Data Structures
Overview
PRSense uses carefully chosen data structures to balance performance, accuracy, and maintainability.
1. Bloom Filter
Purpose
Probabilistic set for O(1) duplicate rejection.
Implementation
class BloomFilter {
private bits: Uint8Array // Bit array
private size: number // Array size
private hashes: number // Number of hash functions
}
Properties
- Space: 8192 bytes (8 KB) by default
- False positive rate: ~1% with 5 hash functions
- False negatives: 0% (guaranteed)
Tuning
m = -n * ln(p) / (ln(2)^2)
k = (m / n) * ln(2)
Where:
- m = bit array size
- n = expected number of PRs
- p = target false positive rate
- k = optimal number of hash functions
Example
For 1000 PRs with 1% FP rate:
- m ≈ 9585 bits
- k ≈ 7 hash functions
2. Attribution Graph
Purpose
Directed acyclic graph (DAG) tracking PR duplication lineage.
Structure
class AttributionGraph {
private parent: Map<number, number> // child → parent
private children: Map<number, Set<number>> // parent → children
}
Invariants
- Acyclic: No PR can be its own ancestor
- Single parent: Each PR has at most one original
- Multiple children: Original PR can have many duplicates
Visual Example
PR #100 (original)
├── PR #101 (duplicate)
├── PR #102 (duplicate)
└── PR #103 (duplicate)
└── PR #104 (duplicate of duplicate)
Operations
| Operation | Time | Description |
|---|---|---|
addEdge(dup, orig) | O(1) | Link duplicate to original |
getOriginal(pr) | O(depth) | Find root ancestor |
getAllDuplicates(pr) | O(n) | Get all descendants |
3. Embedding Storage
Format
interface EmbeddingSet {
text: Float32Array // 384-768 dimensions
diff: Float32Array // 384-768 dimensions
}
Memory Considerations
For 1M PRs with 768-dim embeddings:
storage = 1M × 2 embeddings × 768 dims × 4 bytes/float
= 6.1 GB
Optimization Strategies
- Quantization: 4-byte float → 1-byte int8 (4× smaller)

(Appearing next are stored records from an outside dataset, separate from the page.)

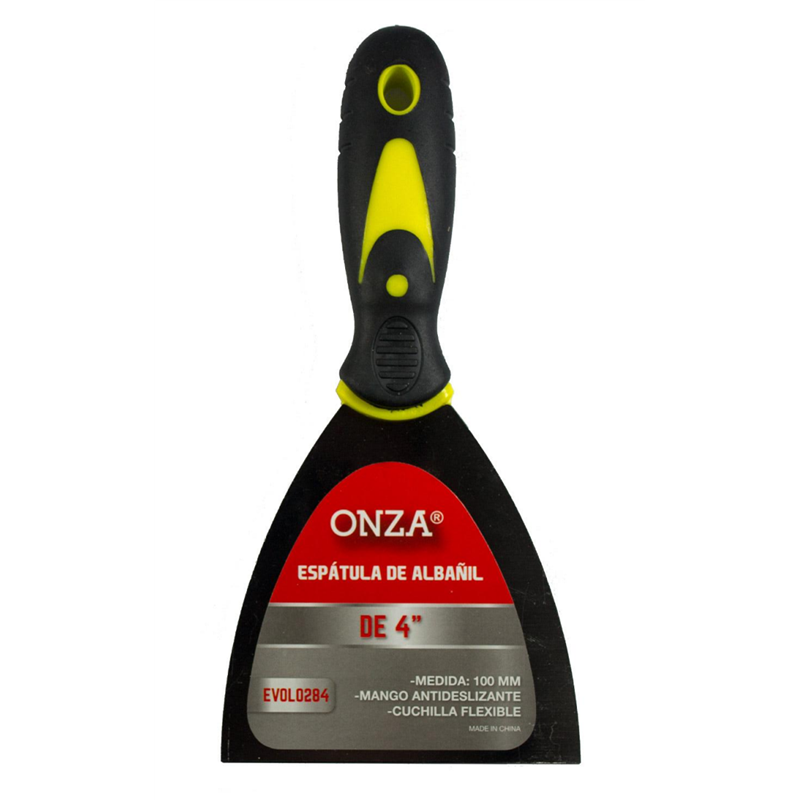 ESPATULA  ONZA 100MM MANGO PLAST-GOMA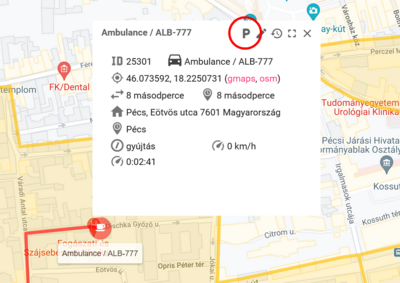 Parkolás leállítása járműről Parkolás leállítása járműről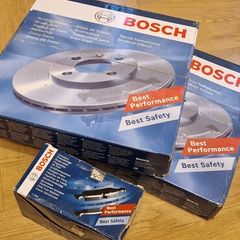 VW brake discs and pads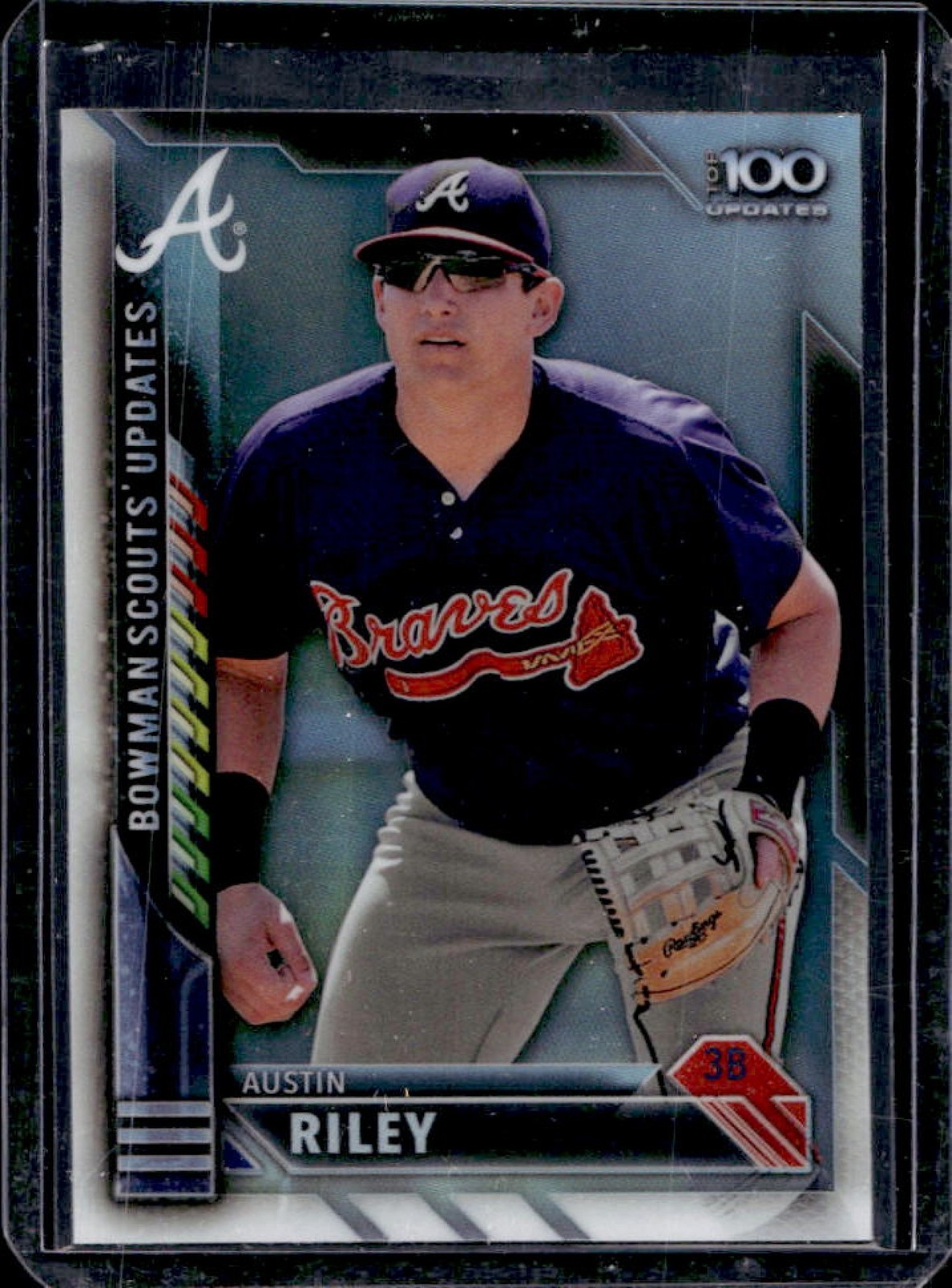 Austin Riley #BSU-AR 2016 Bowman Chrome Baseball Scouts Updates Autographs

- PCA reduction: 768 dims → 256 dims (3× smaller)
- Sparse storage: Only store non-zero values
4. Candidate Queue
Purpose
Priority queue for re-ranking ANN results.
Structure
interface Candidate {
prId: number
scoreHint: number // Initial ANN score
}
Usage
// ANN returns candidates with approximate scores
const candidates = annIndex.search(embedding, k=20)
// Re-rank with exact multi-signal scoring
candidates.sort((a, b) =>
exactScore(b) - exactScore(a)
)
Batch Results (Feature 3)
interface BatchResult {
prId: number
bestMatch?: {
originalPrId: number
confidence: number
type: 'DUPLICATE' | 'POSSIBLE'
}
processingTimeMs: number
}
5. File Path Set
Purpose
Fast file overlap computation.
Implementation
type FilePathSet = Set<string>
Why Set?
- O(1) membership test:
set.has(path) - Native deduplication: No manual handling
- Memory efficient: Stores unique paths only
Example
const files1 = new Set(['auth/login.ts', 'auth/utils.ts'])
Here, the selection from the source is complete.